Each line of the material that mentions the word "Back" is to be copied.

☆ ☆ ☆ ☆ ☆

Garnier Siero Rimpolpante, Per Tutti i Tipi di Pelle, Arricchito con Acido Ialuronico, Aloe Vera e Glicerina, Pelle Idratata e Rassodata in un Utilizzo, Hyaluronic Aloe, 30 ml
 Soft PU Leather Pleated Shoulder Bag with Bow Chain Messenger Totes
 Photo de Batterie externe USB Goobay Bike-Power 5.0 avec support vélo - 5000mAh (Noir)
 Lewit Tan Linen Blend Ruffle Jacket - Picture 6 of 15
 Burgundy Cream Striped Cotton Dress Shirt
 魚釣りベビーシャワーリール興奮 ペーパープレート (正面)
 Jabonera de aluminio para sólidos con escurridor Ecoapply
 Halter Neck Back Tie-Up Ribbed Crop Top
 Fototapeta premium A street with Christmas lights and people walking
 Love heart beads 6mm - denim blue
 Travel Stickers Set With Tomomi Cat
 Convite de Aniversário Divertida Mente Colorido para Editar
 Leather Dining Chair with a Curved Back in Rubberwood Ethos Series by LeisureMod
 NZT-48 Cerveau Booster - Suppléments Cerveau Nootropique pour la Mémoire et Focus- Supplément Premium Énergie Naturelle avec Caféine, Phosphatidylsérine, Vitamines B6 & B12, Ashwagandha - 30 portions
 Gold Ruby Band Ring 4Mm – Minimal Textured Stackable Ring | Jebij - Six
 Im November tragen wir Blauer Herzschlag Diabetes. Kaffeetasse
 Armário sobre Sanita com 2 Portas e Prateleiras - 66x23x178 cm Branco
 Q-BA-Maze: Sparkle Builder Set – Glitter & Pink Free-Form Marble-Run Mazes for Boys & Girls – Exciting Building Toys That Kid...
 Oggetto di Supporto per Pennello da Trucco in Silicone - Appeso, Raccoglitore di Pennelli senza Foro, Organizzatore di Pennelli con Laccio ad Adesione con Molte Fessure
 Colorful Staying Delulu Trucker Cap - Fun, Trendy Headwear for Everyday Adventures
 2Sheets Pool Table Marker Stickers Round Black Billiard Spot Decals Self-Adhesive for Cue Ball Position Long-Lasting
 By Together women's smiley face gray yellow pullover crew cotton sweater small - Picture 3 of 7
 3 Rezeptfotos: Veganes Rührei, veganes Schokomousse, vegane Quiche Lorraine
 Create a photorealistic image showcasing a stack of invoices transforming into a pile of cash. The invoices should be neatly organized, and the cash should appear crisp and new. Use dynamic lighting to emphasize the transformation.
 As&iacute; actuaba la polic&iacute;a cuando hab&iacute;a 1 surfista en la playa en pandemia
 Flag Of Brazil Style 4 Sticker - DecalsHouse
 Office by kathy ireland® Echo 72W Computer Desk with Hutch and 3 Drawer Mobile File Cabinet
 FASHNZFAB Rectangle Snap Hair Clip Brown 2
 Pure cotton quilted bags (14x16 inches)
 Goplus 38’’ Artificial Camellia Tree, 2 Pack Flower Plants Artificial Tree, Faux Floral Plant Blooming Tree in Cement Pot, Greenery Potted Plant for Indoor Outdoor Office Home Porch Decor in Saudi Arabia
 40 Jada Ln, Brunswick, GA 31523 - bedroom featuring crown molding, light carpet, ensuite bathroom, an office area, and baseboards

☆ ☆ ☆ ☆ ☆

### REPLY
 Halter Neck Back Tie-Up Ribbed Crop Top
 Leather Dining Chair with a Curved Back in Rubberwood Ethos Series by LeisureMod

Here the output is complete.